TOPアメリカン・プロレスAEW 2025年 →AEW:Double or Nothing 5/25/2025

AEW:Double or Nothing 5/25/2025の分析


名勝負 アナーキー・イン・ジ・アリーナ:ケニー・オメガ、スワーヴ・ストリックランド、柴田勝頼、パワーハウス・ホブス、サモア・ジョー、ウィロウ・ナイチンゲールvs.ジョン・モクスリー、クラウディオ・キャスタニョーリ、ウィーラーYUTA、ヤング・バックス、マリーナ・シャフィール(Double or Nothing 5/25/2025)

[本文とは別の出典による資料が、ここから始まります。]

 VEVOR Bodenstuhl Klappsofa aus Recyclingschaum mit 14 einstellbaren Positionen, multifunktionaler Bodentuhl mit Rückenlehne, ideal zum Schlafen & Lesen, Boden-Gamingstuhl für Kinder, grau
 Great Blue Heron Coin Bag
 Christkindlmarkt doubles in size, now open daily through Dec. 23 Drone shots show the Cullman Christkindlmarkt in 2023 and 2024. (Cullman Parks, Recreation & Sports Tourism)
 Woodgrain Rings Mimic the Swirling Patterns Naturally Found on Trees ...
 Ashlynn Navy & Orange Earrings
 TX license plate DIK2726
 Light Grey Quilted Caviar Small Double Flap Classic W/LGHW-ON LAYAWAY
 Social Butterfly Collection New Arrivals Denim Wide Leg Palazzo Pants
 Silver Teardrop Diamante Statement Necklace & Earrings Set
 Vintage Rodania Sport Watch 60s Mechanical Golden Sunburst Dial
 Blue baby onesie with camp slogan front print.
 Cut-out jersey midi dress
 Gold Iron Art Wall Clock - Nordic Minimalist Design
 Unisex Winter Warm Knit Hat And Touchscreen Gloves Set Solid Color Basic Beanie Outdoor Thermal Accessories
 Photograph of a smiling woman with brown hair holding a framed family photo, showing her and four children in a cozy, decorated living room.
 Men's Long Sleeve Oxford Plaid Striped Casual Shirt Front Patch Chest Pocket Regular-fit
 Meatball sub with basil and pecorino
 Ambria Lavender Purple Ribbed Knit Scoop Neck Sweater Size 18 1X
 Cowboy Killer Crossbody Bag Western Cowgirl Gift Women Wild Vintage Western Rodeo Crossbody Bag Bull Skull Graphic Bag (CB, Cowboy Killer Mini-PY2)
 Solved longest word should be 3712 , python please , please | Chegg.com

OHFトーナメント決勝:アダム・ペイジvs.ウィル・オスプレイ(Double or Nothing 5/25/2025)
好勝負 ストレッチャー・マッチ:リコシェvs.マーク・ブリスコ(Double or Nothing 5/25/2025)

コンティネンタル王座戦:カズチカ・オカダ(ch)vs.マイク・ベイリー(Double or Nothing 5/25/2025)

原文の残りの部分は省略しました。